Wei WANG

Lamont-Doherty Earth Observatory


The SST and upper-ocean heat content of the North Pacific (including the tropical Pacific) have been studied using an upper-ocean GCM coupled to an advective atmospheric mixed layer model. A hybrid vertical mixing scheme is used for the ocean mixed layer and interior mixing. The model grid is stretched such that the resolutions are about 1/4° - 1/3° in the equatorial region, 1/3° - 1/2° in the Kuroshio and its extension regions, and 1/2° to 3° in the rest of the basin. The large-scale dynamics, such as the equatorial currents, low-latitude western boundary currents, and the Kuroshio and its extension, have been reproduced. In particular, the model Kuroshio separates from the boundary between 35°N and 37°N, a latitude range comparable to that of the observed Kuroshio separation. The simulated annual mean climatology of SST is less than 2°C apart from the observed annual mean climatology over most of the model domain. The largest discrepancies occur in the south equatorial region and the subpolar gyre and along the California and Peru coasts. Sensitivities of the SST simulation to different wind stress products, including COADS, Hellerman and ECMWF, have been tested. The result shows that the simulated annual mean SST climatology does not change much over most of the model domain. However, a large warming occurs in the Kuroshio separation area when the Hellerman wind is used. This is because in this case the Oyashio is weaker and the Kuroshio water thus penetrates further to the north.

A hindcasting run for the period of 1969-1989 have reproduced the major El Niño events in the tropical Pacific and the trans-Pacific propagations of the warming anomalies associated with these events in the eastern Pacific. The run has also shown the gyre-scale advection of warming/cooling anomalies generated in the Kuroshio Extension and North Pacific Current regions around both the subtropical and subpolar gyres.
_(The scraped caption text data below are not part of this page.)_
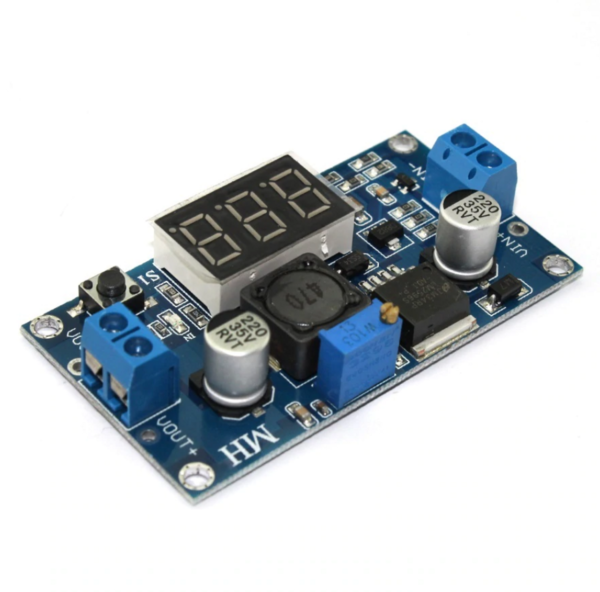 LM2596 DC Buck Step Down Power Converter Module with Display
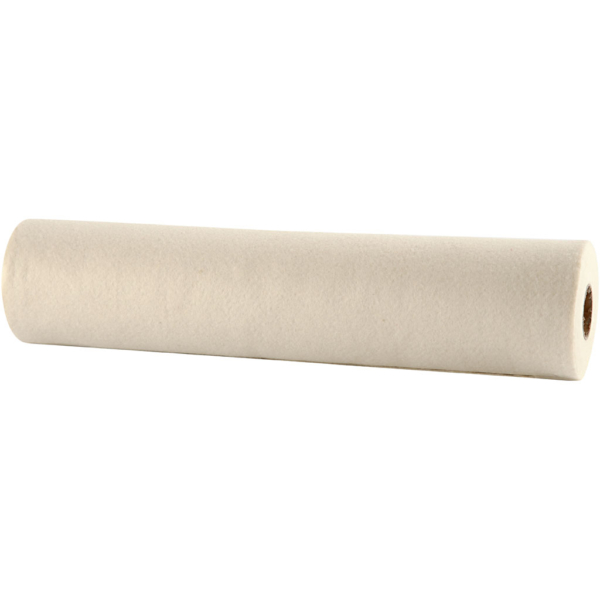Bastelfilz, B 45 cm, Dicke 1,5 mm, 180-200 g, Naturweiß, 5 m/ 1 Rolle – Bild 2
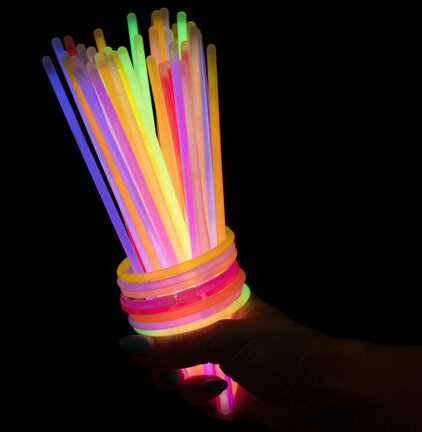 Светящиеся (неоновые) палочки-браслеты, набор 50 шт. + 2 в ПОДАРОК! в тубе, ЗОЛОТАЯ СКАЗКА, 662597
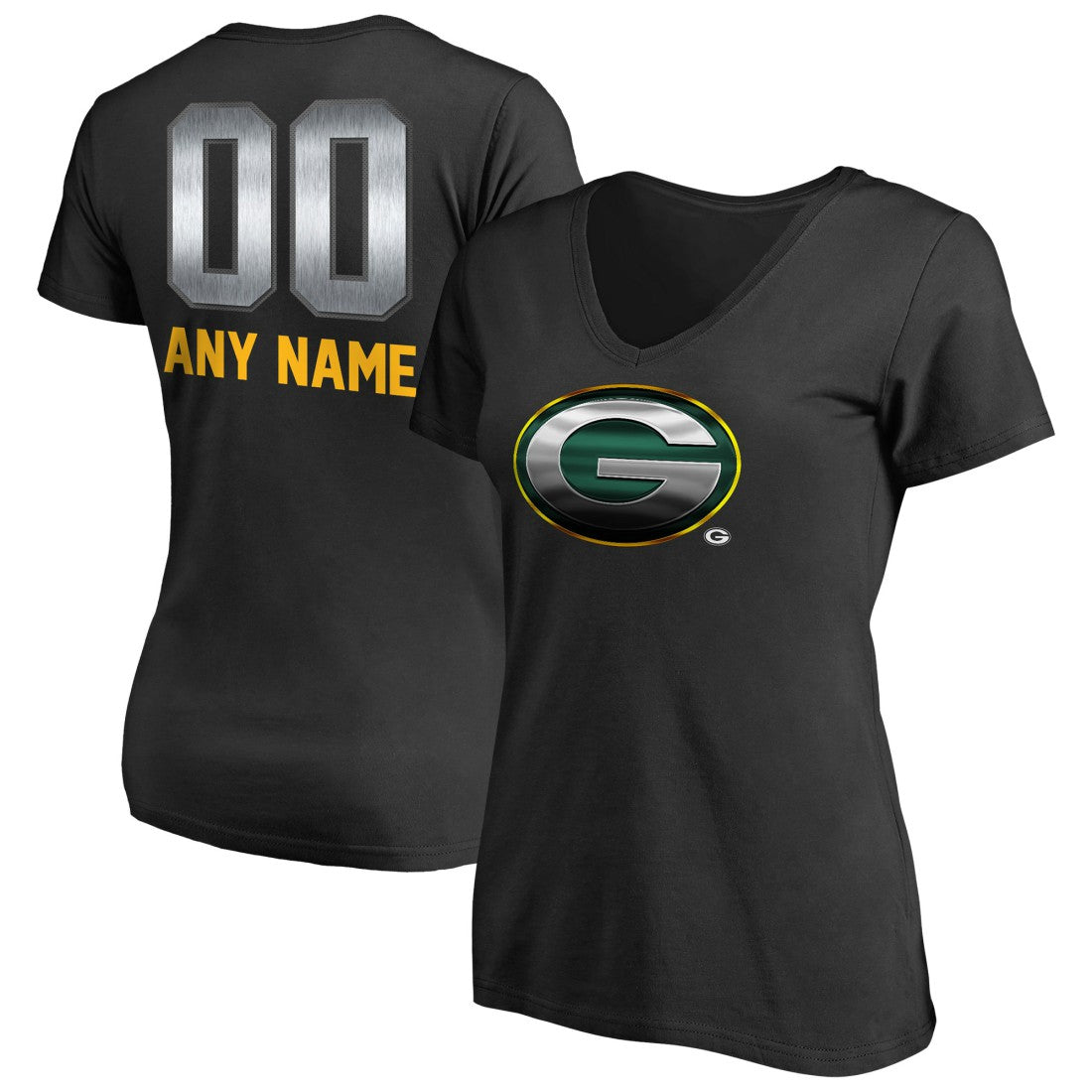 Women's Personalized Midnight Mascot T-Shirt - Green Bay Packers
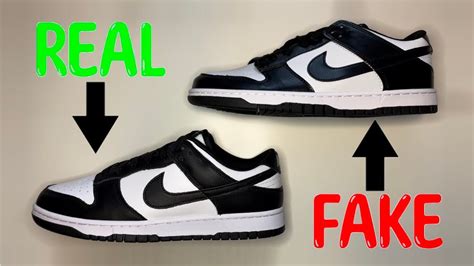 nike dunk low black and white fake|nike low dunks pandas.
The interaction between the tropical Pacific and extratropical North Pacific Oceans at interannual and decadal scales has also been investigated through two additional runs, in which either the tropical ocean or the extratropical ocean are excluded from the model domain. By excluding the tropical ocean, the trans-Pacific propagating warming anomalies from the El Niño events are no longer observed in the extratropical ocean, and the interannual and decadal variabilities of the extratropical SST and upper-ocean heat content are generally smaller. These changes indicate the importance of the tropical ocean to the extratropical variability. By excluding the extratropical ocean, however, the tropical El Niño events are affected at minor levels, which indicates the local oceanic nature of these tropical interannual variations.